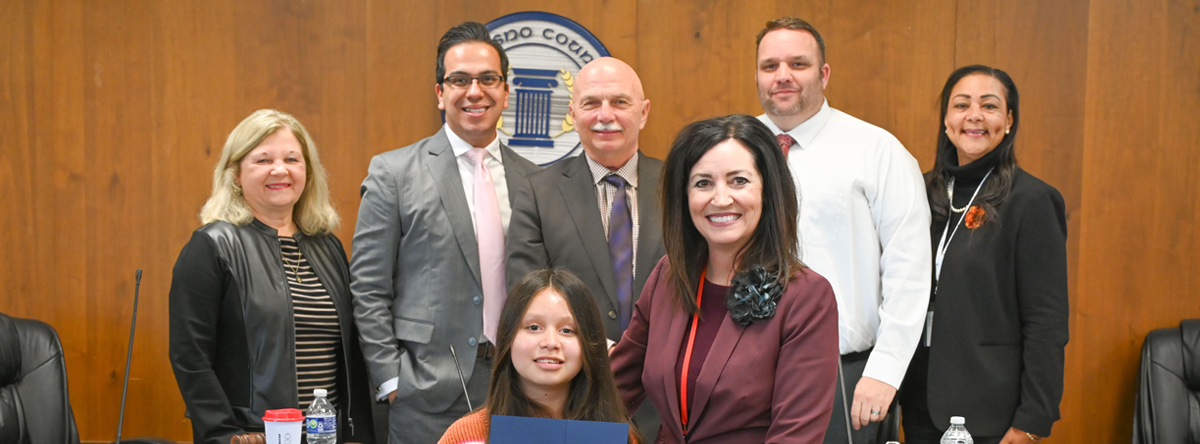 Samantha Flores - February 2024 Superintendent's Superstar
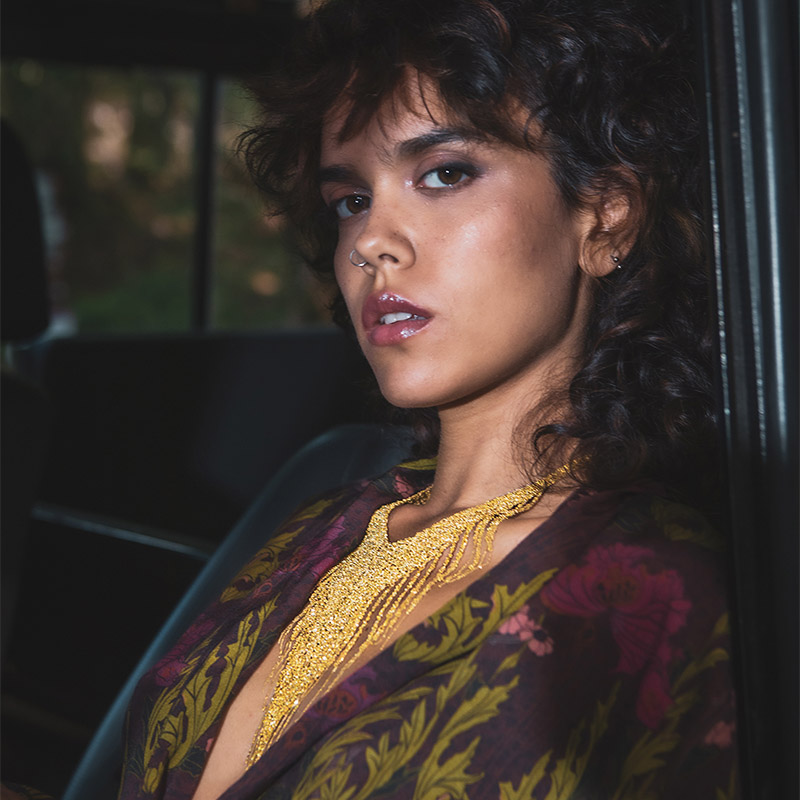 bracciale con doppio giro in pelle cognac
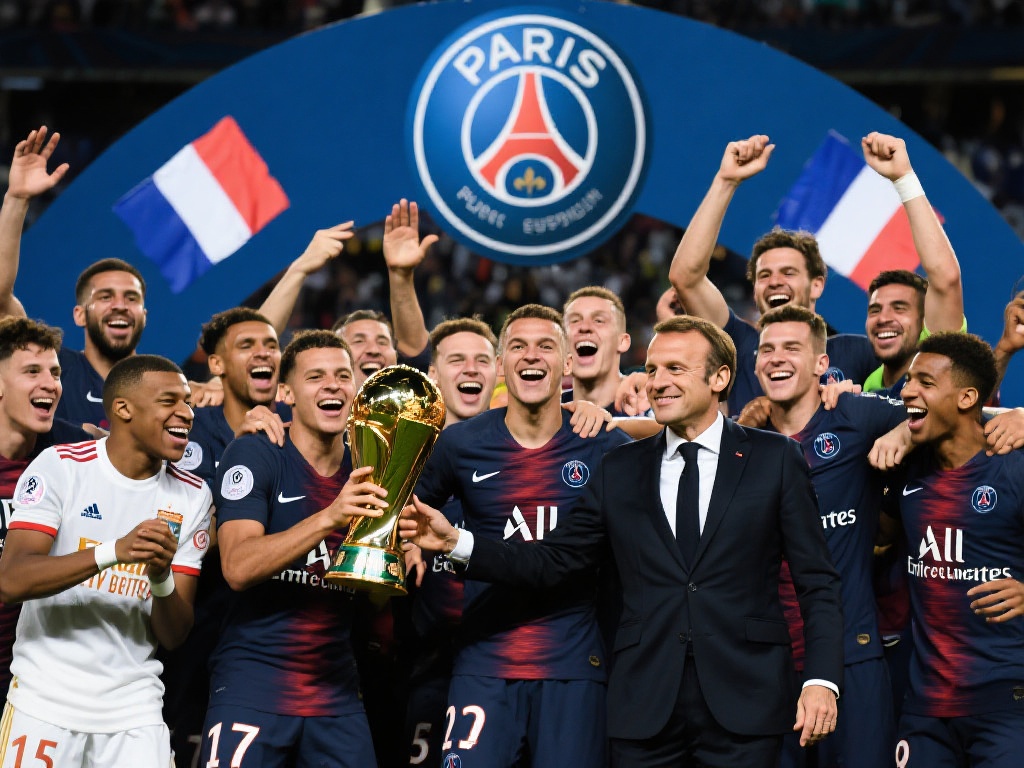 马克龙盛赞大巴黎夺冠:巴黎今晚统领欧洲之巅 巴黎圣日耳曼近年来一直在欧洲足坛保持强劲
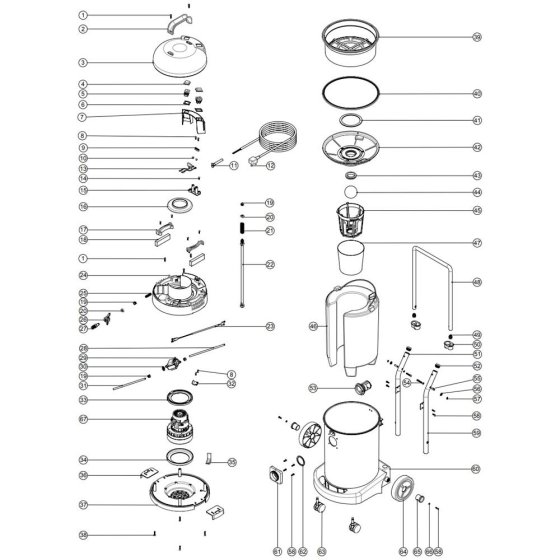 Numatic CT470 Assembly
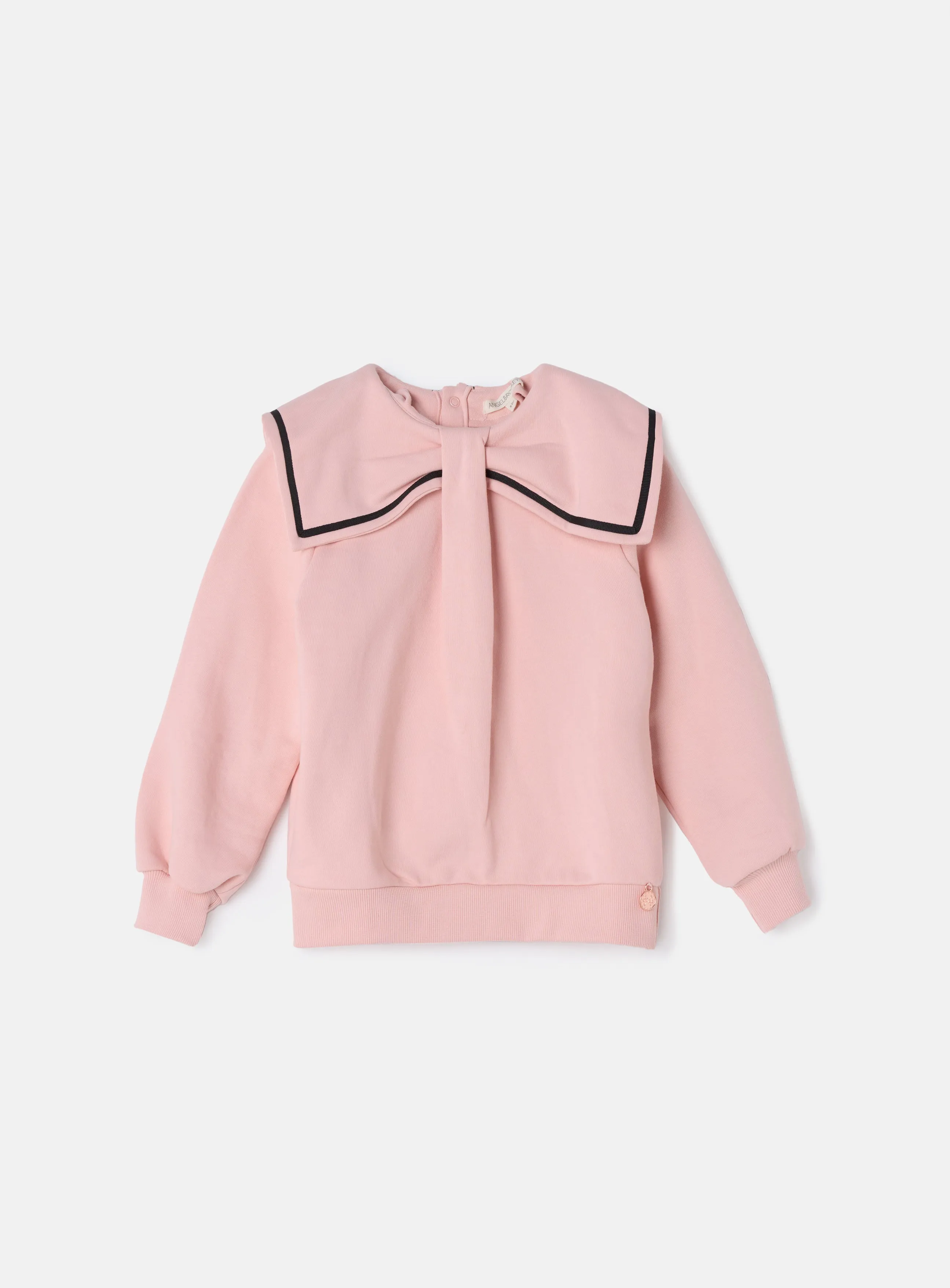 Ruthie Pink Collar Sweatshirt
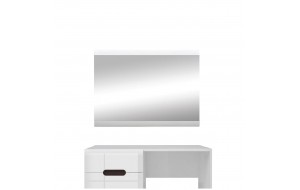 New York επιτοίχιος καθρέπτης με λευκό πλαίσο από MDF 110x2x80 εκ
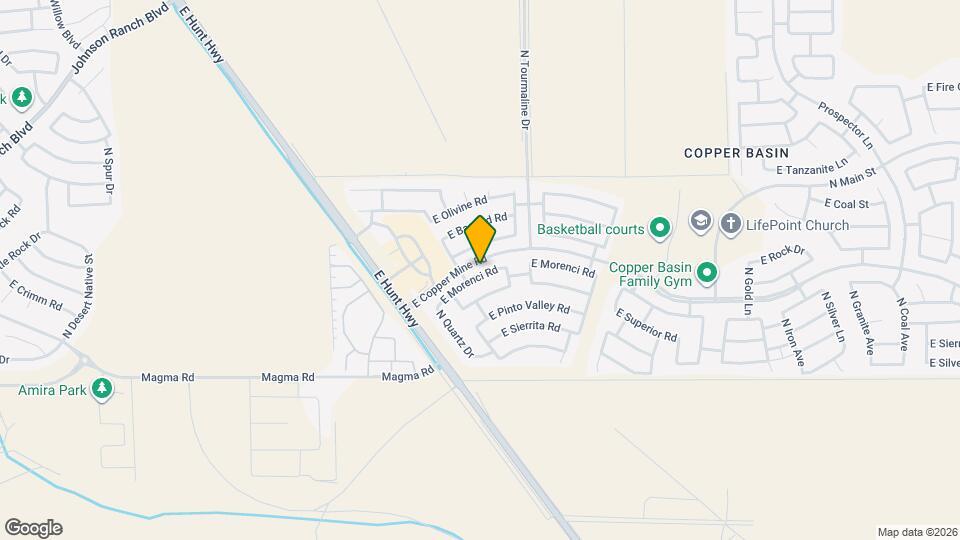 2762 E Morenci Rd Mapa y Detalles de la Ubicación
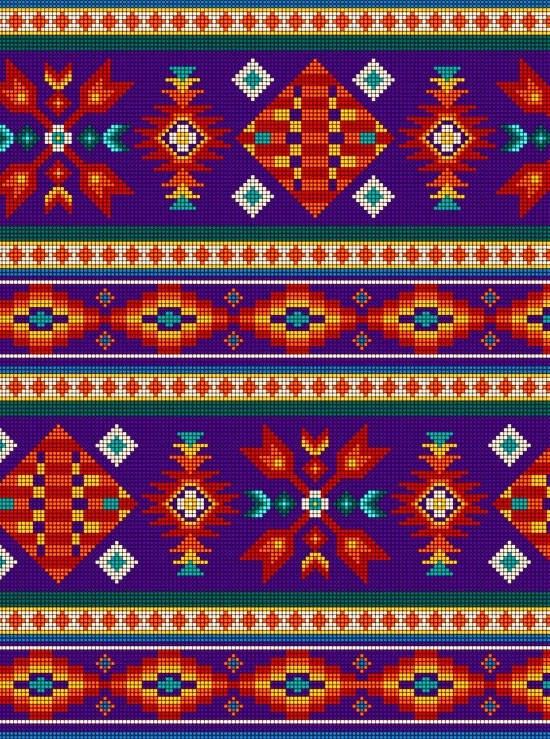 Beaded Stripe Purple - Tuscon Collection
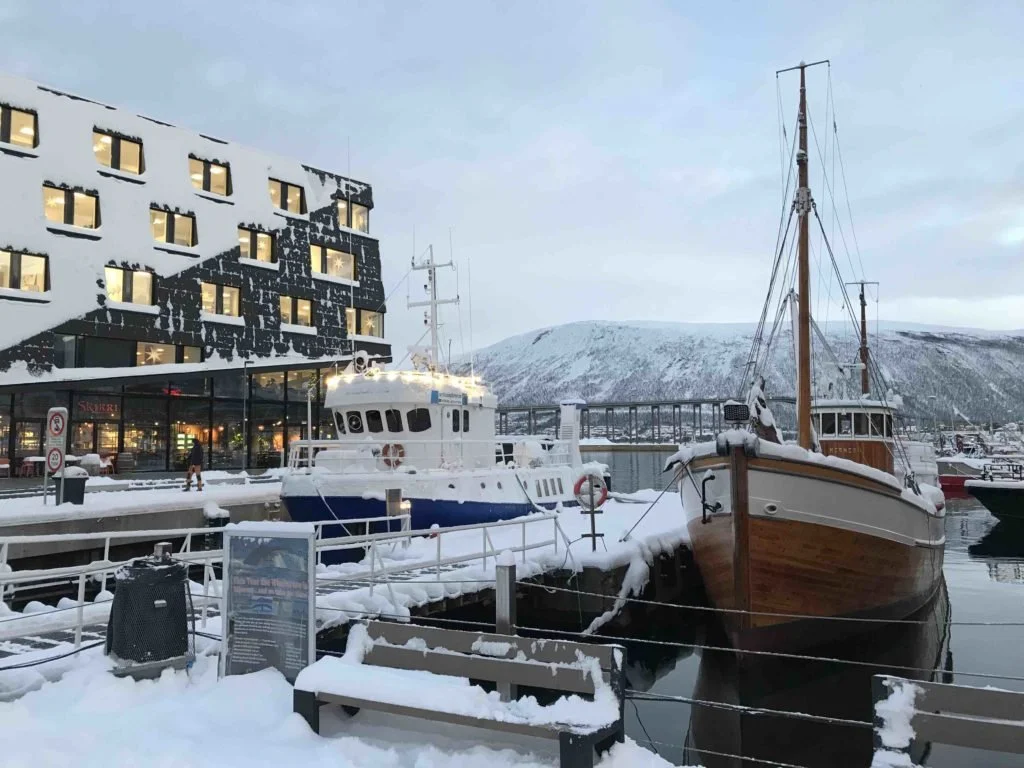 Tromso Town Centre and Port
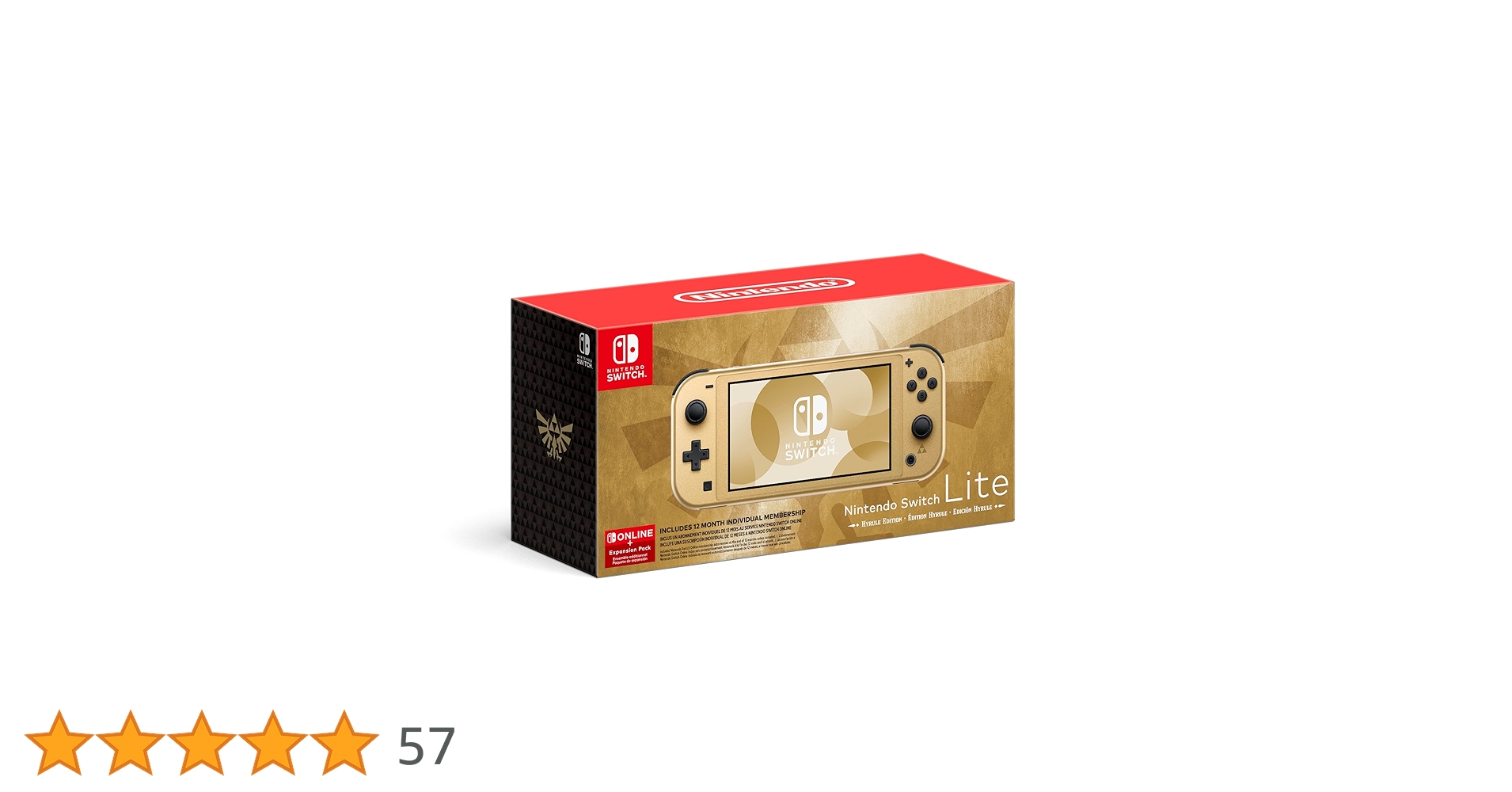Nintendo Switch Lite - Hyrule Edition➕P5 Nintendo Switch Lite: Hyrule Edition with Bonus Nintendo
□ □ □ □ □
◆ **ASSIGNED TASK**
Reproduce the listing exactly. The pictures are to be omitted.

◆ **ANSWER SPACE**
 Samantha Flores - February 2024 Superintendent's Superstar
 bracciale con doppio giro in pelle cognac
 马克龙盛赞大巴黎夺冠:巴黎今晚统领欧洲之巅 巴黎圣日耳曼近年来一直在欧洲足坛保持强劲
 Numatic CT470 Assembly
 Ruthie Pink Collar Sweatshirt
 New York επιτοίχιος καθρέπτης με λευκό πλαίσο από MDF 110x2x80 εκ
 2762 E Morenci Rd Mapa y Detalles de la Ubicación
 Beaded Stripe Purple - Tuscon Collection
 Tromso Town Centre and Port
Nintendo Switch Lite - Hyrule Edition➕P5 Nintendo Switch Lite: Hyrule Edition with Bonus Nintendo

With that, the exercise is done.